市長 これは、私たちにとって重要なシンボルとなっています。市庁舎が建設された80年ほど前のことですが、ここで働く政治家と一般市民が一緒に肩を並べている様子を示すという意図で造られました。スウェーデンの、強固な理念の表れです。つまり、政治家も一般市民も平等であるということで、政治家と市民で生活の状況が著しく異なってはならないということです。

筆者 仕事帰りに食料品の買い物をして、バス停の列に並んでいるあなたを見かけた人がいますが?

市長 もちろん、私です。

筆者 運転手付きの公用車はないのですか?

市長 公的イベントや警備上のリスクがある場合には車を使うことができます。しかし、通勤はバスを使うか、時には徒歩で来ることもあります。ストックホルムの市民と同じです。

筆者 市長として公邸に住むこともありませんね。通勤や食事の手当といったものはないのですか?

市長 給与があるだけです。1週間に1度、副市長と私はランチミーティングを行っています。この建物の中にあるレストランから注文していますが、市がこのランチにかかった経費を還付してくれます。

 私たちはこのランチの経費を国税庁に報告し、この経費に関しては税金を払わなければなりません。もちろん、外国からの賓客を迎えるときなどは特別な手当が支給されます。

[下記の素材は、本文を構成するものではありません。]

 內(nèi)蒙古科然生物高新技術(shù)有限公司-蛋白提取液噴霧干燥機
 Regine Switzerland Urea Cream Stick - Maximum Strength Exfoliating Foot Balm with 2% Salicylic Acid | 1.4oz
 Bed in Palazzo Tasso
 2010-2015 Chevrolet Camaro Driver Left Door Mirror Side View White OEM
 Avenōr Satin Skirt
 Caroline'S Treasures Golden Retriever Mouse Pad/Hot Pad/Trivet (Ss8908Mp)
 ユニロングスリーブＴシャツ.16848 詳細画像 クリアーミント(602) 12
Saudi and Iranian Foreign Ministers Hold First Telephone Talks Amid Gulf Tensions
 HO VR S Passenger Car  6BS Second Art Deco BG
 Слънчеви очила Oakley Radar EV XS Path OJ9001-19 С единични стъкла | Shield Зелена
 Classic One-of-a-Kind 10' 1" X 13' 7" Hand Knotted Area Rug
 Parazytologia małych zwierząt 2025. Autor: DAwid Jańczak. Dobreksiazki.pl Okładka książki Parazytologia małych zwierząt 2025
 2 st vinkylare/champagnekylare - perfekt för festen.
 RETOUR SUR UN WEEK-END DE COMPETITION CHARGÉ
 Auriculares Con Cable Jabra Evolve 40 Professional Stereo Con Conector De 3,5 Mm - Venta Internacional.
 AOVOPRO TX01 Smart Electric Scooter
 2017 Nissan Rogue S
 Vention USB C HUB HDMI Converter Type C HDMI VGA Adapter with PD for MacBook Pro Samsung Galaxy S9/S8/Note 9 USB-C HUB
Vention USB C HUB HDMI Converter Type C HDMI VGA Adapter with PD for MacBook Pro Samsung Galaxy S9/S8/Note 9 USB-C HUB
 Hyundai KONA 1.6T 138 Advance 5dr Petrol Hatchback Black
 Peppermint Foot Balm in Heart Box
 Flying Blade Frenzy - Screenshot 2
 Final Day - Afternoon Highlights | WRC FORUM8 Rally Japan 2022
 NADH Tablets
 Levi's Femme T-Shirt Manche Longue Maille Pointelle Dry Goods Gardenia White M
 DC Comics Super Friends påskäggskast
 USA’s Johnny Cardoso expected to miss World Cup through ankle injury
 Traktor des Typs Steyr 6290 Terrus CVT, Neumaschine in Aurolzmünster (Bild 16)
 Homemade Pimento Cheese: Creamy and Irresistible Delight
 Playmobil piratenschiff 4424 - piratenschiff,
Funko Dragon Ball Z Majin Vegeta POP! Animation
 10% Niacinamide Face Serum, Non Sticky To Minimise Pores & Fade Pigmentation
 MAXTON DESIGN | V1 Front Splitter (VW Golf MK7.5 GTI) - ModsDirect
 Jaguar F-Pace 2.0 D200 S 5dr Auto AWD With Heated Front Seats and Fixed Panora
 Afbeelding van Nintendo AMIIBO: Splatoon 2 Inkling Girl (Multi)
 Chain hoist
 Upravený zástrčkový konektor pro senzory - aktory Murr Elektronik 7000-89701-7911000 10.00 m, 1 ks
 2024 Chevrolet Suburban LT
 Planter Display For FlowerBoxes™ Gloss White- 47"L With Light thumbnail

筆者 あなたは市民の平均以上の給与をもらっていますが、市長を引退するときは終身恩給をもらうことができますか?

市長 はい。

筆者 それは特権ですか?

市長 はい。でも、現在議論されている特権ですので、規則が変わることになるでしょう。私も、この規則は変えるべきだと思っています。現在の決まりでは、市長が引退するとき、50歳未満であれば恩給は最大2年間支払われます。そして、50歳以上の場合は終身恩給がもらえるのです。私たちは、50歳という年齢は引退するには「若すぎる」と思っています。

「政治家は無給で働くべき」
フルタイムでなくても政治は回る

筆者 地方議員はなぜ無給で働くべきなのでしょうか?

市長 地方レベルでは、フルタイムの政治家が多すぎないようにすることが重要です。地方議員というのは、一般市民としっかりつながっていますし、一般市民によって政治が行われるべきだと強く信じているからです。これが、私たちの地方民主主義です。地方議員は本業をもっており、1週間のうち数時間を政治活動に充てるべきだと思います。